Elasticsearch - Basic and Advanced Concepts

Snehal Shinde

Data Engineering

Tags:

Elasticsearch

Indexing

Analyzer

Query Performance

What is Elasticsearch?

In our previous blog, we have seen Elasticsearch is a highly scalable open-source full-text search and analytics engine, built on the top of Apache Lucene. Elasticsearch allows you to store, search, and analyze huge volumes of data as quickly as possible and in near real-time.

Basic Concepts -

Index - Large collection of JSON documents. Can be compared to a database in relational databases.
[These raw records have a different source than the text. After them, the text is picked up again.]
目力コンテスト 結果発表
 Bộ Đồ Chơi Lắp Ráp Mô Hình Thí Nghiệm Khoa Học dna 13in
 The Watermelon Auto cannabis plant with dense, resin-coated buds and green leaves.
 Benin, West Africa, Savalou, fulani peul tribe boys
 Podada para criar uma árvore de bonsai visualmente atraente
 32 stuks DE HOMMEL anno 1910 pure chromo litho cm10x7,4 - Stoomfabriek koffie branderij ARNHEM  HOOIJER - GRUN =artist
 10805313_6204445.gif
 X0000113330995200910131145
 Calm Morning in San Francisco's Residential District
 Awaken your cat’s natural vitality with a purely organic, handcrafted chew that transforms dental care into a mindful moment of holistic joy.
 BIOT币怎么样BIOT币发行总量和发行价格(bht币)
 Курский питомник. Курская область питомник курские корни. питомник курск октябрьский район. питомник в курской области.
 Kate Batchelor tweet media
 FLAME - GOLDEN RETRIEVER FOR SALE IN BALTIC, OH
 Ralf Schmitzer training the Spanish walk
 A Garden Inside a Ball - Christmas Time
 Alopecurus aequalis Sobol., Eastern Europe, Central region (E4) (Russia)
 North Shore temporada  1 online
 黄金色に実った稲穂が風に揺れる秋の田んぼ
Every document must reside in an index.
Shards - Since, there is no limit on the number of documents that reside in an index, indices are often horizontally partitioned as shards that reside on nodes in the cluster.
Max documents allowed in a shard = 2,147,483,519 (as of now)‍
Type - Logical partition of an index. Similar to a table in relational databases. ‍
Fields - Similar to a column in relational databases. ‍
Analyzers - Used while indexing/searching the documents. These contain “tokenizers” that split phrases/text into tokens and “token-filters”, that filter/modify tokens during indexing & searching.‍
Mappings - Combination of Field + Analyzers. It defines how your fields can be stored & indexed.

Inverted Index

ES uses Inverted Indexes under the hood. Inverted Index is an index which maps terms to documents containing them.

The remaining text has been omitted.